The Government has not done a good job in encouraging Jamaicans to be inoculated against the virus. Jamaica’s vaccination effort, like those of many countries, has been faced with resistance of hardcore anti-vaxxers, vaccines sceptics, and people who harbour doubts about these specific drugs because of the speed with which they were developed. However, the health and wellness minister, Dr Christopher Tufton, consistently argues that about a third of the population is readily open to taking the vaccines. Perhaps the same amount is open to being convinced to take the jab. Yet, after nine months of vaccine availability, only 20 per cent of adults are fully vaccinated, 10 per cent shy of the figure of Dr Tufton’s willing population. Moreover, over the past six weeks, the Government has faced the embarrassment of discarding 245,000 doses of the AstraZeneca vaccine because they became stale-dated. Of these, 165,000 doses expired on October 30.

VACCINE PREFERENCE

Part of the problem, health officials say, is that many Jamaicans go vaccine shopping, with a preference for the Pfizer brand of the product. That could be problematic, given that Jamaica has just received a gift of 369,000 of the AstraZeneca product from Canada and is soon expecting a shipment of another 204,000 doses, bought with Jamaica’s own money. That is enough vaccines to fully inoculate over 286,000 people.

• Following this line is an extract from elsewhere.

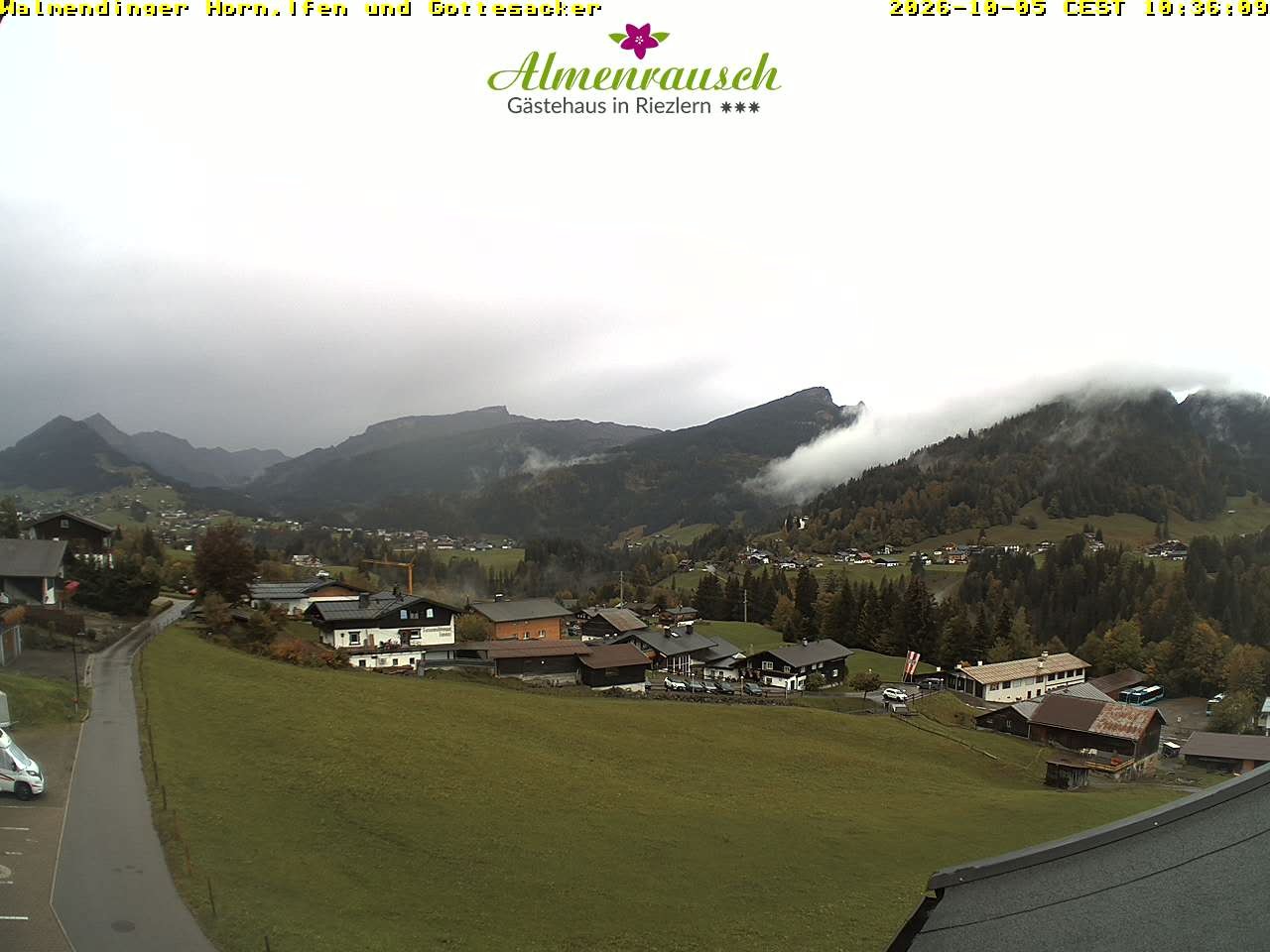 Archived image Webcam Guesthouse "Almenrausch"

While the issue of brand preference is a matter to be overcome, non-government experts also blame ineffectual government strategies and poor communication for the weak performance in inoculations. For example, a task force appointed by the Government to provide suggestions for accelerating vaccinations noted that half of the island’s nurses were unvaccinated. Yet, nurses and other health workers would normally be trusted voices in transmitting health-related information to communities.

One worry for some nurses of childbearing age, according to the task force’s chair, Professor Gordon Shirley, is for their reproductive health. In such situations the response, he argued, would be to have trusted gynaecologists speak, in understandable language, “what are the issues and the risks associated”. That’s the flip side of Professor Figueroa’s call for community-based mobilisation efforts.

Additionally, while signalling an intention to eventually introduce vaccination mandates, the Government, as is the case with others of its COVID19 initiatives, is tiptoeing towards the goal, preferring to have the private sector take the lead. The upshot is a lack of policy clarity and purposeful action and uncertainty, which provides an opportunity for falseflagging by the anti-vaxxers and vaccine sceptics. The result is the further erosion of the confidence of those who may just have required a push out of their vaccine hesitancy.

Early on, the administration established March 2022 as its deadline for vaccinating 65 per cent of Jamaica’s population, the amount that it said was required for herd immunity. That date no longer seems feasible, unless the Government can fix its problems and get a clear strategy in place, and move with purpose on the project.